Neden zor sorusunun cevabı ise, hem basit, hem ürkütücü. Çünkü film, başından sonuna kadar, yani yaklaşık iki buçuk saat boyunca, nefes aldırmaksızın seyircilere şu anda içinde yaşadığımız koşulları hatırlatıyor. Düşünmek istemediklerimizi ısrarla, bir kere daha sorgulatıyor. Özgürlüğün ve onun eksikliğinin ne anlama geldiğini ve günün birinde şu üzerinde yaşadığımız dünyanın, içinde yaşadığımız medeniyetin nerelere evrilebileceğini çok açık bir şekilde resmediyor. Ve işte bunu o kadar iyi yapıyor ki, çizdiği bu resimden kaçamıyorsunuz. Sizi içine alıyor, yer yer hatırlatıyor, yer yer korkutuyor, yer yer sinirlendiriyor, yer yer üzüyor. Ama her ne yaparsa yapsın, başarıyla yapıyor.

          “Görsel efektlerden çok hikayenin ön plana çıktığı bir distopya filmi”

Suzanne Collins’in Açlık Oyunları üçlemesinin ikinci romanını perdeye taşıyan hikaye, ilk filmin üstüne içerik olarak bir hayli koyuyor. Adaletsiz bir kast sisteminin farklı boyutlarının altını biraz daha fazla çizerken, ortadaki haksızlığı acımasızca ön plana çıkarıyor. Sinemada Battle Royale, In Time, Elysium, Equilibrium gibi, edebiyat dünyasında ise Koşan Adam ve Uzun Yürüyüş gibi öykülerin içeriğinden belki bir miktar besleniyor, ama her ne olursa olsun, tür içindeki en başarılı örneklerden biri olduğunu kolayca kanıtlıyor. Bunu yaparken de, Survivor ve Biri Bizi Gözetliyor türevi “reality” programlarının dikkat dağıtıcı ve uyuşturucu niteliklerine ve bunların farkındalığımızı ne kadar zehirlediğine, bilincimizi ne kadar oyaladığına bir kere daha göndermede bulunuyor.

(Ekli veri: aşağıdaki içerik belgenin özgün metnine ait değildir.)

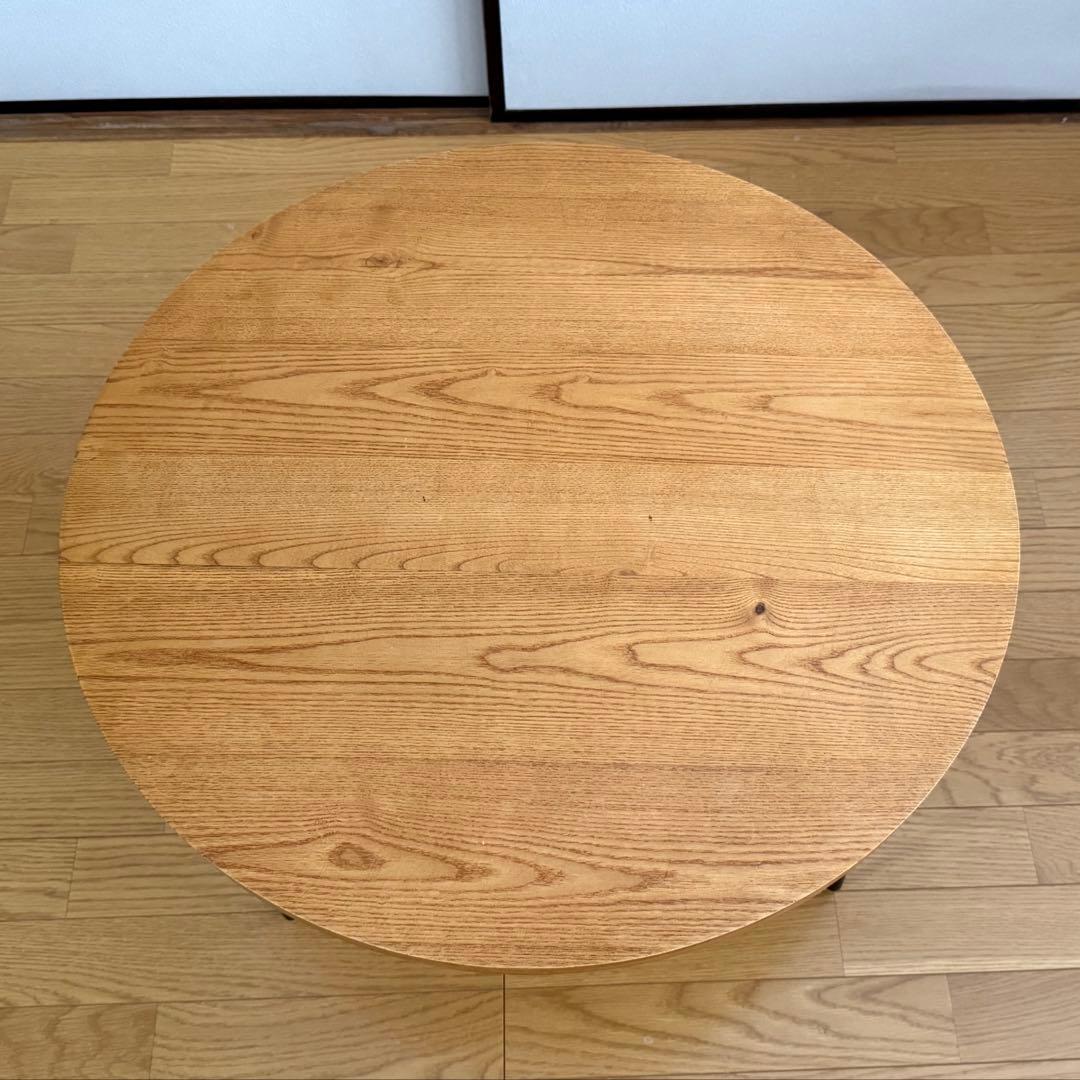 LIFE FURNITURE　TH ASH LOW TABLE　ローテーブル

          “Lawrence, Hoffman ve Sutherland ile etkileyici bir kadro”

Ancak iki buçuk saat boyunca izleyiciye yüksek dozda elektrik veren bu filmden, yılın diğer önemli gişe filmlerinde karşınıza çıkan türde görsel efekt ağırlıklı bir anlatım beklemeyin. Çünkü film içeriğe, efektlerden daha fazla ağırlık veriyor. Hayır, efektler başarısız değil, başarılı; sadece film, hikayesini bunlara güvenerek anlatmaya çalışmıyor, aksine, rotasını duyguları ön plana çıkararak çiziyor. Dekor ve kostüm tasarımları ise, yine bir önceki filmde olduğu gibi oldukça etkileyici.

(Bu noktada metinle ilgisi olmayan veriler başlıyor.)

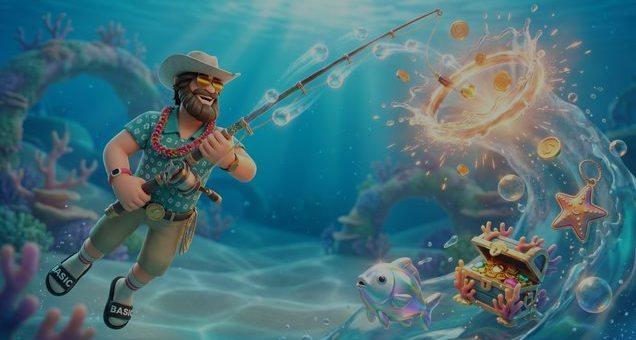 Big Bass Splash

Filmi adeta yaşayan Jennifer Lawrence’a ve arka plandaki şeytani Başkan Snow karakterini canlandıran Donald Sutherland’e, Philip Seymour Hoffman’ın da katılması hoş bir sürpriz olmuş. Suzanne Collins’in Açlık Oyunları serisinin üçüncü romanı ise iki bölüm olarak çekilecek ve Julianne Moore da kadroya katılacak.

Sözün özü, bu filmi hiçbir şekilde kaçırmayın. Hatta iki kere kaçırmayın ve tüm detaylarını hafızanıza kazıyın... Ve hatırlayın: Hiçbir şey zamanı gelmiş bir fikir kadar güçlü değildir.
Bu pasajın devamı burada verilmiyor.